### SUPPLIED RECORDS
------

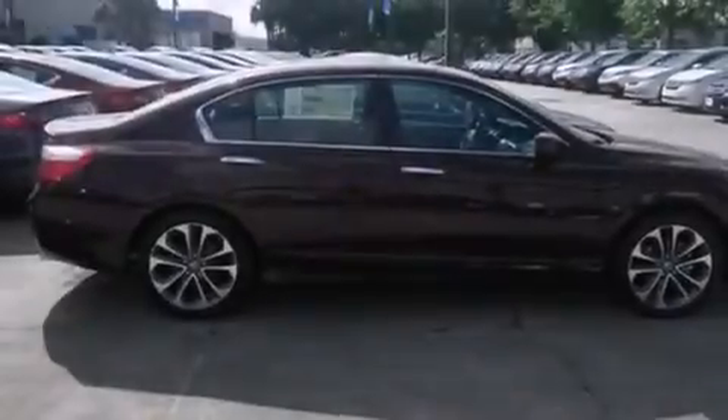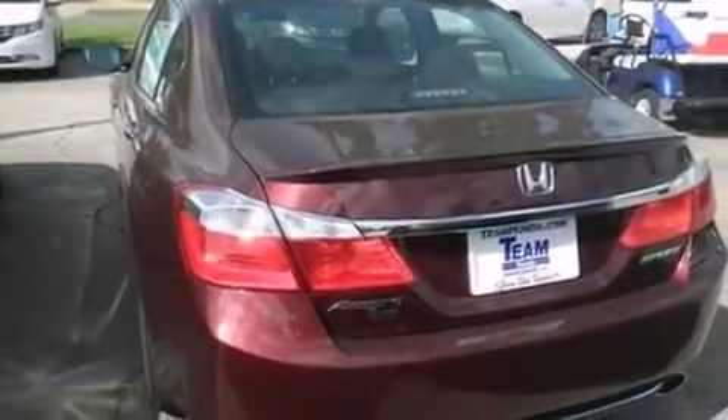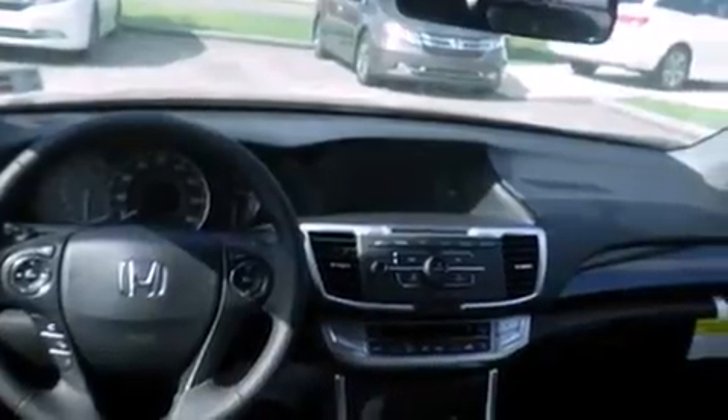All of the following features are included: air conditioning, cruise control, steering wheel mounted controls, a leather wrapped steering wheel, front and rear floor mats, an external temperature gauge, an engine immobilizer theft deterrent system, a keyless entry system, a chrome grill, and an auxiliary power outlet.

------

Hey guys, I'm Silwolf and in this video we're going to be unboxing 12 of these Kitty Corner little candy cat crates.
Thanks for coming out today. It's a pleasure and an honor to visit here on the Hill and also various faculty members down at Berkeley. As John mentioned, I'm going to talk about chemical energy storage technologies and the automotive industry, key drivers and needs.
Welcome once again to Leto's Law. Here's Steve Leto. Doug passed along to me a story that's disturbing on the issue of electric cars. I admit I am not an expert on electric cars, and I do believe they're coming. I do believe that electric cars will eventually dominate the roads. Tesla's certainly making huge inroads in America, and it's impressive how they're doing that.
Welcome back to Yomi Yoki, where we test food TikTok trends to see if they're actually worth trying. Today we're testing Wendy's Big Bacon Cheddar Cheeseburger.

------

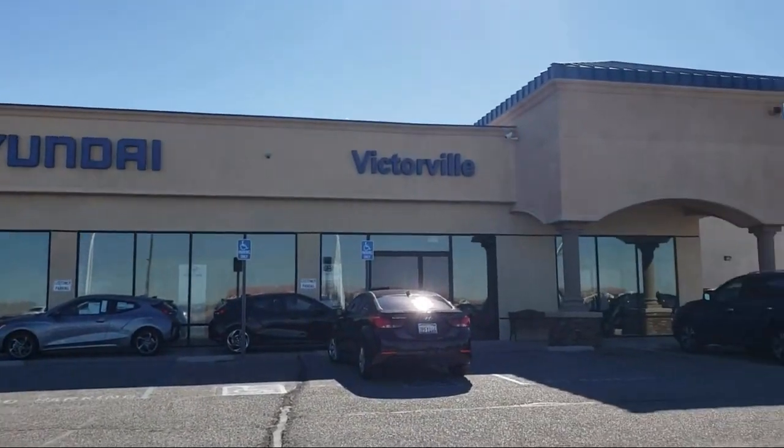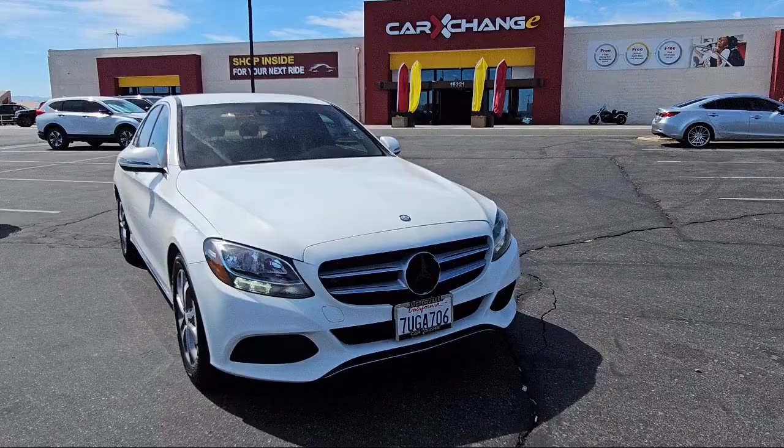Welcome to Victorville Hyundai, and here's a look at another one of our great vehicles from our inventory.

------

### TASK REQUIREMENTS
What you give back should be exactly the lines of the data above from the line with "Hey guys, I'm" through the line with "Welcome once again", both of those included, and nothing more.

### TASK OUTPUT
Hey guys, I'm Silwolf and in this video we're going to be unboxing 12 of these Kitty Corner little candy cat crates.
Thanks for coming out today. It's a pleasure and an honor to visit here on the Hill and also various faculty members down at Berkeley. As John mentioned, I'm going to talk about chemical energy storage technologies and the automotive industry, key drivers and needs.
Welcome once again to Leto's Law. Here's Steve Leto. Doug passed along to me a story that's disturbing on the issue of electric cars. I admit I am not an expert on electric cars, and I do believe they're coming. I do believe that electric cars will eventually dominate the roads. Tesla's certainly making huge inroads in America, and it's impressive how they're doing that.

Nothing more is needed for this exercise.